Postpartum Recovery Pilates with Sarah Jane Walls
The postpartum time period is very exciting for most women, but it can be very stressful as well. Women are going through the process of healing their bodies after the birth, dealing with drastic hormonal changes, and adjusting to life with a newborn. Most women are physically exhausted and may have extreme emotional swings. Regaining their prepregnancy body is often a main concern.
The Postpartum Body
During the course of pregnancy, the abdominal muscles will stretch over 50% of their original length. During the fifth month of pregnancy, the majority of women will begin to notice that their rectus abdominus is no longer united in the center and has moved laterally. This is called a diastasis recti. The diastsis recti is a normal occurrence and is actually a protective response. It’s able to occur due to the hormonal softening that occurs in the body’s soft tissue structures. The rectus abdominus is a narrow muscle with less surface area to stretch, so the separation and lateral movement helps prevent excessive stretching.
After the birth, with time, the abdominal muscles will shorten due to the demands of normal activities of daily living, but without specific exercises and focus, they often do not shorten to their pre-pregnancy state. The diastasis recti, likewise, may naturally close without too much attention, but in most women, specific focus on abdominal rehabilitation is necessary to close the diastasis.
Closing the Diastasis
On average it takes most women (even extremely fit women) approximately six months to one year to regain full integrity of the abdominals. So, this is a slow process and one that should not be rushed. Advancing abdominal strengthening too quickly can jeopardize the joining of the recti and leave women with a central weakness. This is not always something that women can feel, but it is most evident if they later go on to have a subsequent pregnancy. They will begin the next pregnancy with a diastasis, which may put them at risk for separation of the deeper layers.
Another important focus postpartum is restoration of the position of the ribcage. During pregnancy, the ribs flare considerably. The ribcage actually changes in diameter by 2 cm.
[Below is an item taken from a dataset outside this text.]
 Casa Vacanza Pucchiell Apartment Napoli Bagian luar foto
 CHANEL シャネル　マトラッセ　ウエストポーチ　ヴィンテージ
Postpartum, it is necessary to restore the ribcage position as it affects the length of all the muscles attaching into the thoracic cage, including the abdominals, the pectorals, the erector spinae and the diaphragm. Following the physics principle of the length-tension relationship, as long as the ribs are flared, the body will not be able to reach its maximum strength potential. Furthermore, flared ribs put more stress on the diastasis recti and make it more difficult for the obliques to engage and the abdominal muscles to unite centrally.
A final important focus in postpartum rehab is posture. Pregnancy causes major postural changes to occur. All of the spinal curves become more exaggerated, and these excessive spinal curves often continue into postpartum. Most women have to pay attention to restoring their posture. They need to tune into their bodies and notice when they are slumping, and initially, the act of sitting up straight will be an exercise. Becoming aware of postural habits is the first step towards correcting them.
Pregnancy and postpartum is an incredible and exciting time but not without its physical challenges. New mothers need to be strong to handle all of the stresses that are placed on their bodies. Babies get heavy rapidly, and mothers need to be able to carry their babies into their toddler years. Women need to take care of their bodies so that they can enjoy wonder of watching their babies grow!